Luke began receiving special education services in 2000 when he started kindergarten. According to the facts outlined by the court, while Luke made some progress in school, his behavior outside of school and at home seriously regressed from 2000 to 2003. Concerned that as he grew older this behavior would only get worse; in the fall of 2003, his parents located a residential school in Boston that specializes in educating children with autism. At an IEP review meeting with the school district in December 2003, the parents proposed a list of new IEP goals for Luke and believing that Luke needed the structure and support of a residential school, his parents requested a residential school placement. The school district generally accepted the proposed IEP goals, but denied the residential school placement. Luke’s parents withdrew Luke from the public school system and enrolled him in the residential school in Boston in January 2004. They then requested a due process hearing to obtain payment from the school district for the residential school.

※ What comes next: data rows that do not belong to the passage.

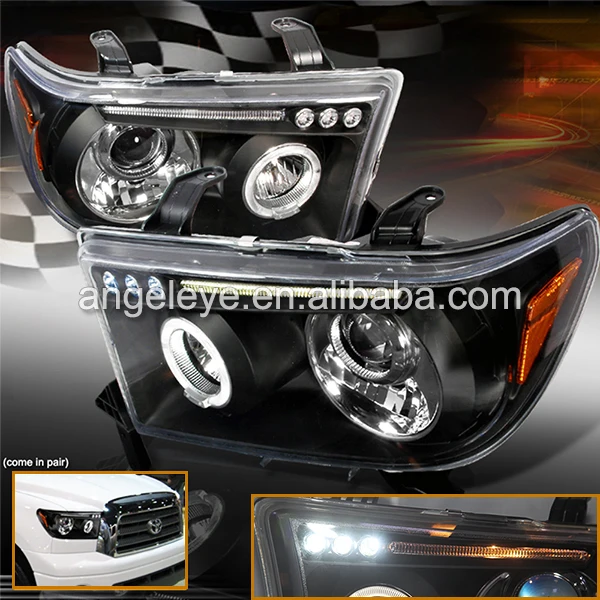 

Для TOYOTA Tundra светодиодный ные фары 2007- 2013 год черный корпус JY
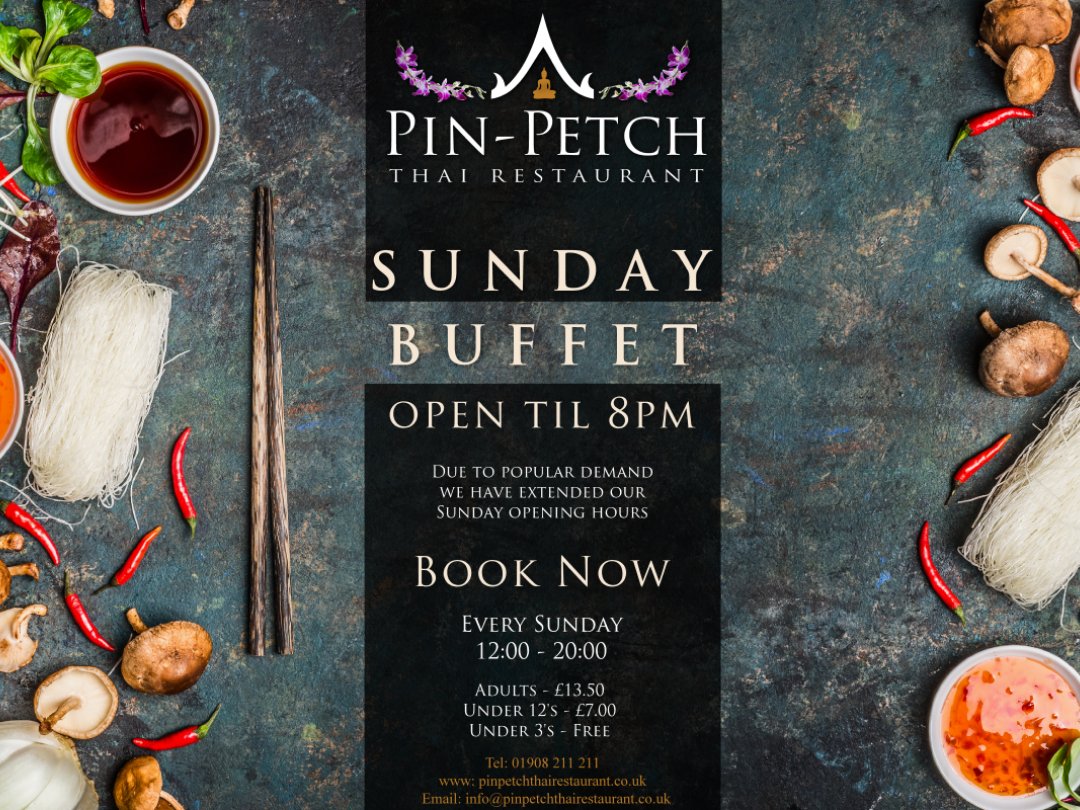 Sunday Buffet Extended Opening Hours Sunday Buffet Extended Opening Hours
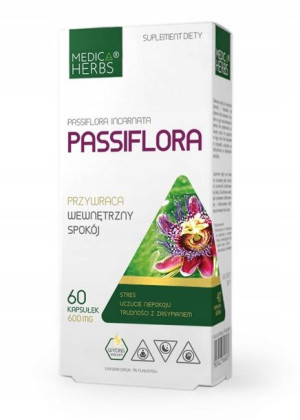 MEDICA HERBS PASSIFLORA 600mg 60 kapsułek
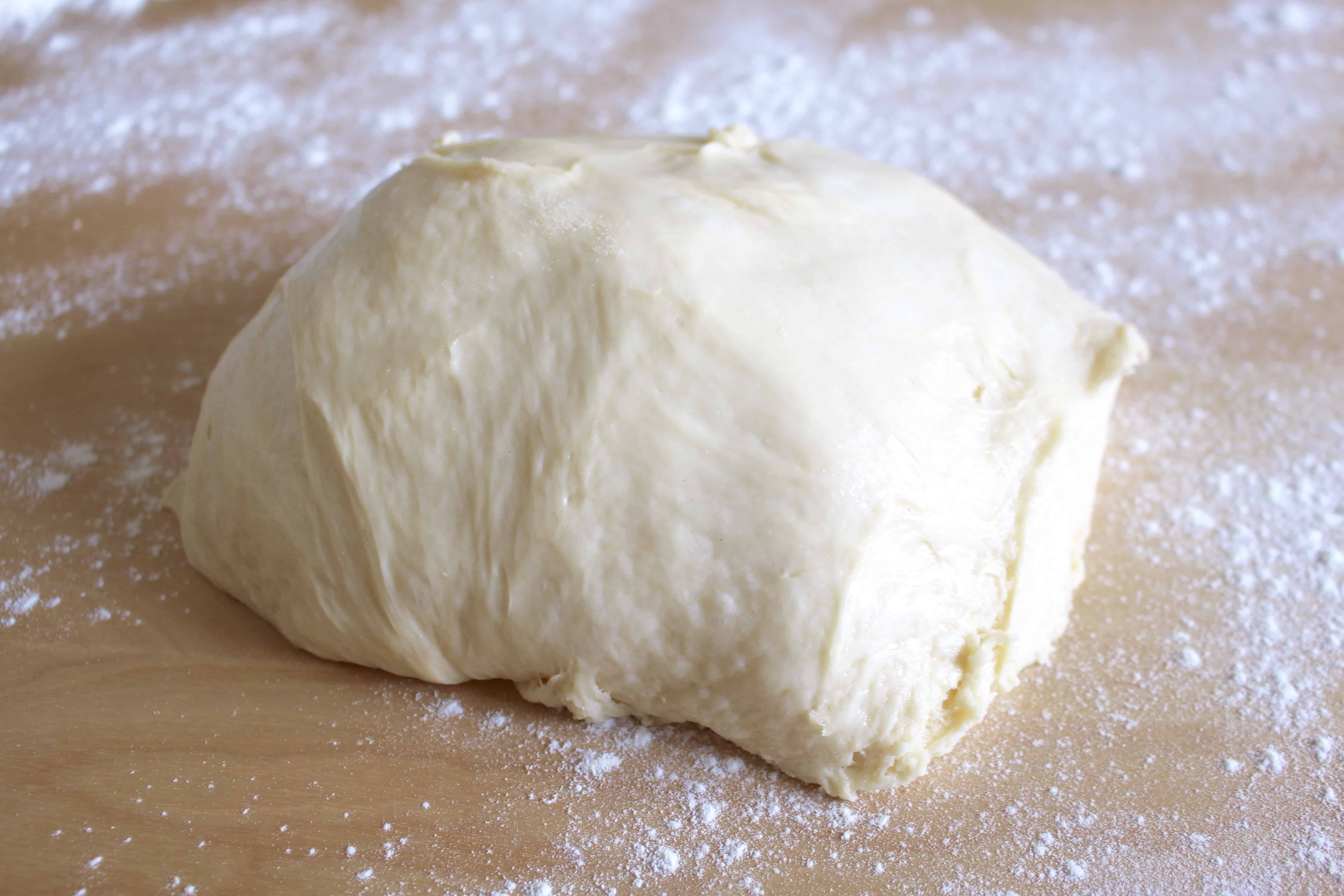 Lemon roll dough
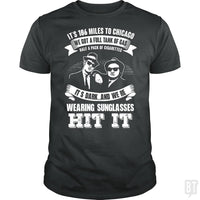 Load image into Gallery viewer, Blues Brothers Hit It - BustedTees.com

The parents prevailed at the hearing, a State level review, and in federal district court. At each stage the hearing officer or judge determined that while Luke was making some progress in school, he was unable to generalize or transfer the skills he learned in school to his home or other settings outside of school. Thus, placement in a residential school was necessary for Luke to receive a free appropriate education and the school district must reimburse the family for that school’s tuition. The school district appealed to the 10th Circuit.
Basically, the 10th Circuit applied the Supreme Court’s standard as stated in Board of Education v. Rowley for determining whether a student is receiving a free appropriate public education under the IDEA. In Rowley the Supreme Court directed courts to look at whether the student’s IEP is reasonably calculated to enable the student to receive educational benefits. The 10th Circuit then looked (too narrowly in my view) at whether Luke was making progress on his IEP goals and thus receiving educational benefit. The Court declared: “Though one can well argue that generalization is a critical skill for self-sufficiency and independence, we cannot agree with appellees that IDEA always attaches essential importance to it.” So, despite the fact that Luke’s IEP did not adequately address his inability to generalize the behavior he learned at school to his home and other settings, the Court stated that since Luke was making “some” progress in school, he was offered an appropriate education by the school district. Based on the fact that Luke was making “some” progress, the 10th circuit reversed the district courts order that the school district reimburse Luke’s parents for the costs of the residential school placement.
I believe this decision defines educational benefit too narrowly. I think the fact that Luke was making “some” progress on his IEP goals is insignificant, if, without more intensive services, he would not be able to generalize what he learned in school to other settings. Under this interpretation, despite providing services, Luke’s school program achieves little more than day care. At the end of his school years he will not become more independent in the real world. While Luke may have made, in the Court’s words, “some” progress, he will not have made any real progress. This decision can be appealed to the United States Supreme Court and I believe the parents’ attorneys are considering whether to take that step.